The Phantom Band - Fears Trending - Albums - Reviews - Soundblab

The Phantom Band - Fears Trending

by Steve Reynolds Rating:9 Release Date:2015-01-26

Six years ago I distinctly remember being overcome by the all-round goodness and glee when I heard The Phantom Band’s debut, Checkmate Savage, a brilliant slice of Krautrock rhythms cross-pollinated with quirky, offkilter guitar, Rick Anthony’s morose delivery and abnormal musical arrangements. Such was its intensity it was one of the best debut albums I had heard for a decade.

Now here’s a thing. I have to confess I haven’t paid any attention at all to album three. Don’t ask me why, I guess I just got dragged into listening to other stuff, perhaps I am in need of some redemption. OK, I am a bad person but on the other hand, maybe, just maybe, it might avoid distracting me from forming any preconceived ideas of what lies before me, their fourth album ‘Fears Trending’.  So like a ship without a rudder and nothing to guide me since their 2010 sophomore album I am intrigued what their newie has to offer.

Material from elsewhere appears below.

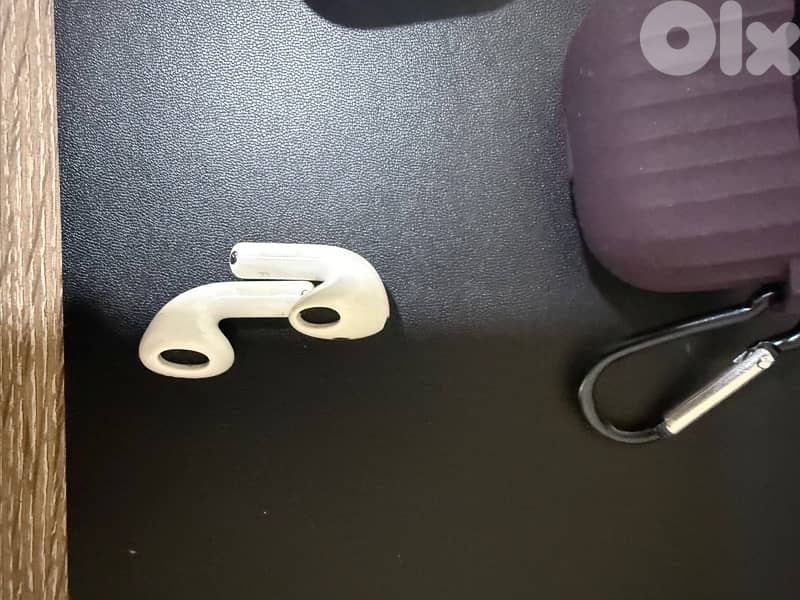 original apple AirPods 4 with ANC 1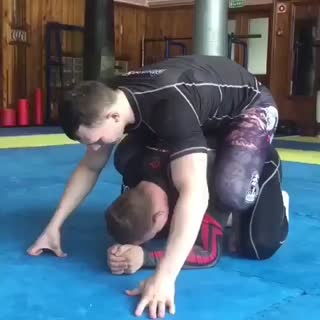 Awesome reverse Triangle chokes by @kosterenkow.  How to Reverse Triangle The Wor...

From the early strains of opener ‘Tender Castle’ the familiarity of their debut continues to prevail.  A dystopian bee sounding synth niggles away and then some tiki taki drumstick tickles away, it slowly layers up with a kaleidoscope of electronic bleeps and assortments, basically anything the band can lay their hands on they inject into the song. It’s like one continual jam that concludes 5 minutes later when the band decides to call time.

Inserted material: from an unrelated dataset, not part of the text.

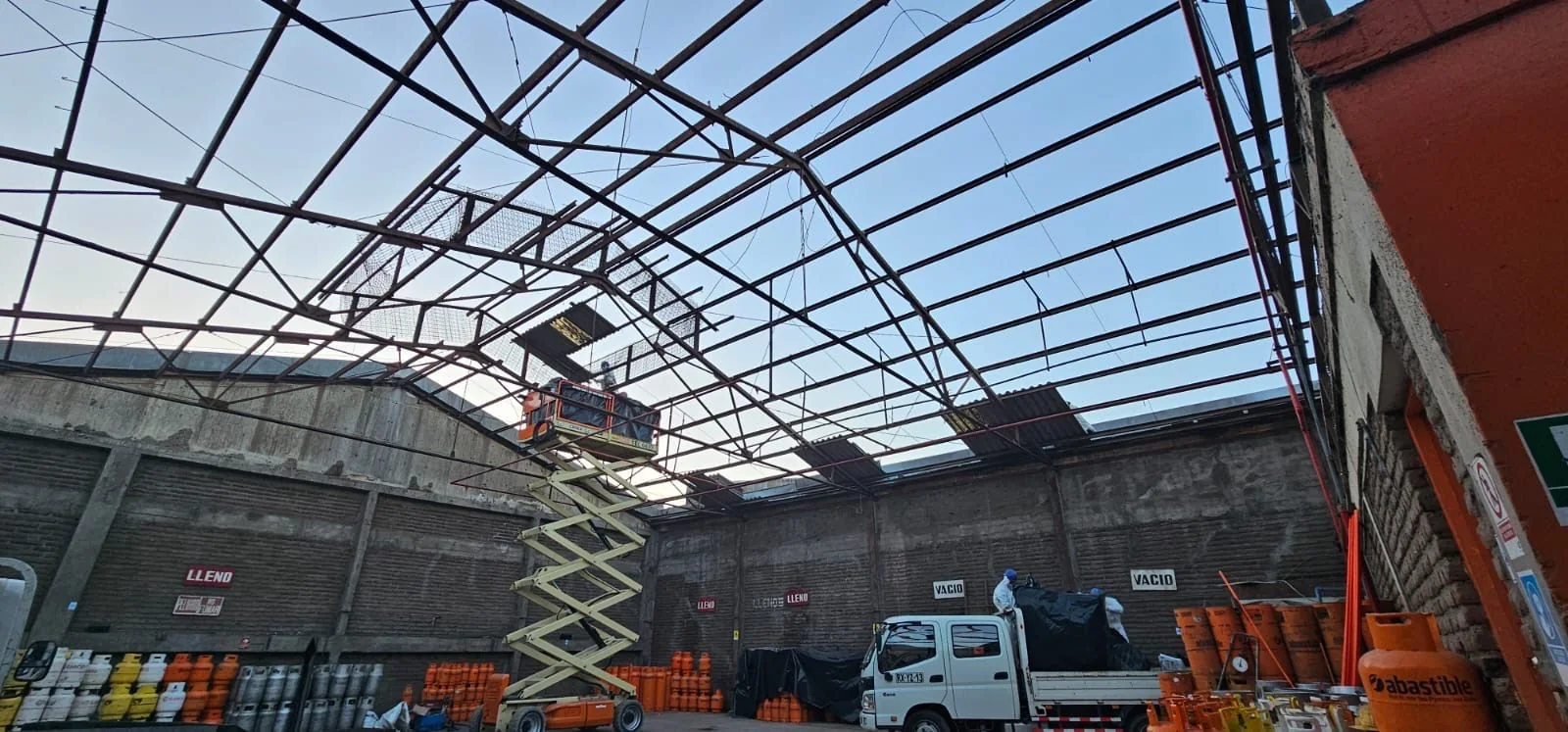 Retiro de cubierta de asbesto en una planta industrial, vista aérea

The Phantom band has never been one to delve into short ditties, but rather enjoy the freedom of sitting on one of Scotland’s finest purveyor of music, Chemikal Underground.  There are only 7 tracks on ‘Fears Trending’ with the shortest track weighing in 4 and a half minutes.  You might be thinking this breeds songs of self-indulgence and imbues a slacker work ethic but you’ll soon forgive them when you listen to such meddling beauties as the barmy make up of ‘Local Zero’ with its rise and fall simplicity and the soaring ‘Denise Hopper’, made up of motoric muscular percussion, clanging guitar and over-zealous bravado from Rick Anthony’s deep dark baritone delivery.  It’s the highlight of the album, lodged perfectly at track 3.

‘Black Tape’ is much darker, saturated in sophoric doom and haunting melancholy initially but then like a proverbial phoenix from the flames it blasts out shards of golden light before returning to its original dusky starting point. ‘Spectrelegs’ is similarly brazen and scatty but with a whipping guitar riff and ugly as hell synth complete with a plethora of clean beautiful lines. ‘The Kingfisher’ is Nick Cave like, masterful, bullish and domineering; it displays a band with no nerves and inexorable confidence, all beautifully pulled together by a pushy organ.

They see us out with ‘Olden Golden’, initially pushed by a jittery banjo but Anthony’s cold as hell delivery warms up as the song grows.  The drums start to pound with each snare as he tells us “still dark and on your door, for what remains the final piece of the shell”.  Moribund maybe, but each finite amount of detail in their sound cannot fail to uplift.

The Phantom Band doesn’t have any rules for their idiosyncratic output.  They seem intent on creating their own madness and it's their take on madness that I am in deep with - warts and all.